The tea leaf appearance dataset constructed in this study encompasses a wide range of leaf conditions, with the goal of enhancing the model’s ability to identify the diverse visual traits of tea leaves. The data preparation procedure is presented in Figure 5. To ensure clean backgrounds and prominent subjects, tea leaves are uniformly arranged on white paper and photographed under controlled conditions. All images are captured using the main camera of an Apple iPhone 14 Pro Max, which has a resolution of 48 megapixels, with the original image resolution set to 4032 × 3024 pixels. During preprocessing, each image was cropped and resized to 640 × 640 pixels to better preserve fine leaf details. A strict screening procedure was applied to eliminate blurred, distorted, or otherwise inappropriate images, ensuring the dataset’s integrity and reliability.

The finalized dataset contains 3313 images, with 2320 allocated for training, 664 for validation, and 329 reserved for testing. Each tea leaf instance within the images is annotated into one of four categories based on appearance characteristics: fine indicates complete, tender leaves with clear edges and uniform color, representing a high-quality appearance; coarse refers to older, rough leaves with damaged or wrinkled edges, indicating a lower visual quality; touching describes leaves that are close to or overlapping each other, resulting in unclear or compressed boundaries; unsure is used when factors such as blur, occlusion, or abnormal lighting prevent an accurate judgment of the appearance. The total number of annotated instances for each category is 9209 (fine), 10,914 (coarse), 66 (touching), and 1530 (unsure).

To mitigate the impact of class imbalance during evaluation and the limitations arising from the relatively small dataset size, several strategies were applied during model training. The training pipeline employed data augmentation strategies, including random flipping and scaling, to increase sample diversity while preserving the key visual characteristics of tea leaves. Meanwhile, the hyperparameters were meticulously adjusted: a smaller learning rate and early stopping were employed to mitigate overfitting, whereas an appropriate batch size combined with multi-scale training contributed to an improved robustness and better generalization across categories. Performance was further assessed using class-wise metrics such as Precision and Recall, ensuring fair and representative measurement for all categories.

2.7. Experimental Environment and Parameter Configuration

Table 1 presents the hardware and software specifications of the computer used for training, together with detailed information about the training environment of the model. The training was conducted with Python version 3.8.19, which was selected on the basis of its compatibility with essential libraries, even though more recent versions of Python were available.

Table 2 summarizes the training parameters adopted in the experimental process.

Figure 6 depicts the training and validation loss curves obtained after 300 epochs. A rapid reduction in all loss components is observed in the early stage, followed by stabilization, which demonstrates steady optimization and robust convergence.

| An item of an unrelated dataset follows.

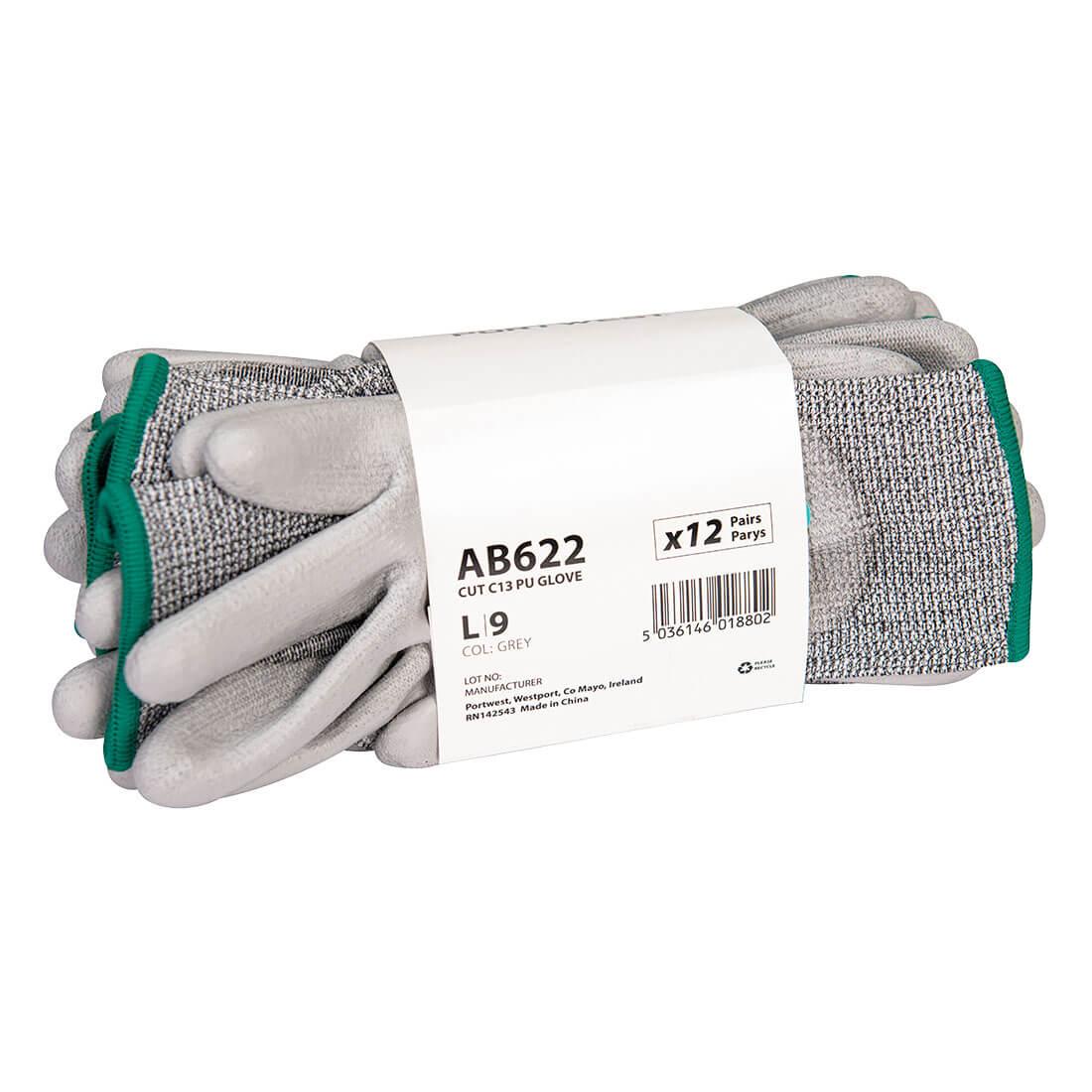 Cut C13 PU Essential Multipack (Pk12) - Grey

The training and validation curves exhibit a strong alignment in both value and trend, suggesting that no significant overfitting or underfitting occurs. The initial rapid reduction and subsequent stabilization of the loss curve confirm both the robustness and effectiveness of the training strategy. The model demonstrates clear convergence and exhibits a strong generalization capability.

3. Results

3.1. Experimental Results of Model Training

Following 300 epochs of training, TeaAppearanceLiteNet achieves remarkable outcomes across both training and validation sets, highlighting its effectiveness. As shown in Figure 7, all evaluation metrics exhibit an overall monotonic upward trend with increasing iterations, indicating a continuous improvement in performance during the training process. Although some fluctuations occur in the early stages, these are typical of the progressive learning phase of the model and primarily result from the sensitivity of accuracy-based metrics to boundary prediction and classification errors. As training continues, the model becomes more effective in target localization and classification, which drives a gradual improvement in metric values. The stable rise in mAP-related indicators further confirms the consistent improvement in detection performance across various IoU thresholds, reflecting a strong training stability and generalization capability.

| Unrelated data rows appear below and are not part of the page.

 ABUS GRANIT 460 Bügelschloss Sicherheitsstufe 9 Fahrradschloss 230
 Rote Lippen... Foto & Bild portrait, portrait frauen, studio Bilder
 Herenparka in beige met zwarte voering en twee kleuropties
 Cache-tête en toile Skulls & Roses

To further enhance the detection accuracy and generalization capability while maintaining the lightweight nature of the model, a knowledge distillation mechanism is introduced to optimize TeaAppearanceLiteNet. By constructing a more powerful teacher model and applying strategies such as feature alignment, deep-level knowledge is effectively transferred to the student model of TeaAppearanceLiteNet. This enables an efficient information transfer without significantly increasing computational costs. As a result, the student model gains a richer capacity for semantic feature representation, achieving a substantial improvement in detection performance while preserving a compact architecture. Consequently, both detection accuracy and efficiency are optimized in a balanced manner.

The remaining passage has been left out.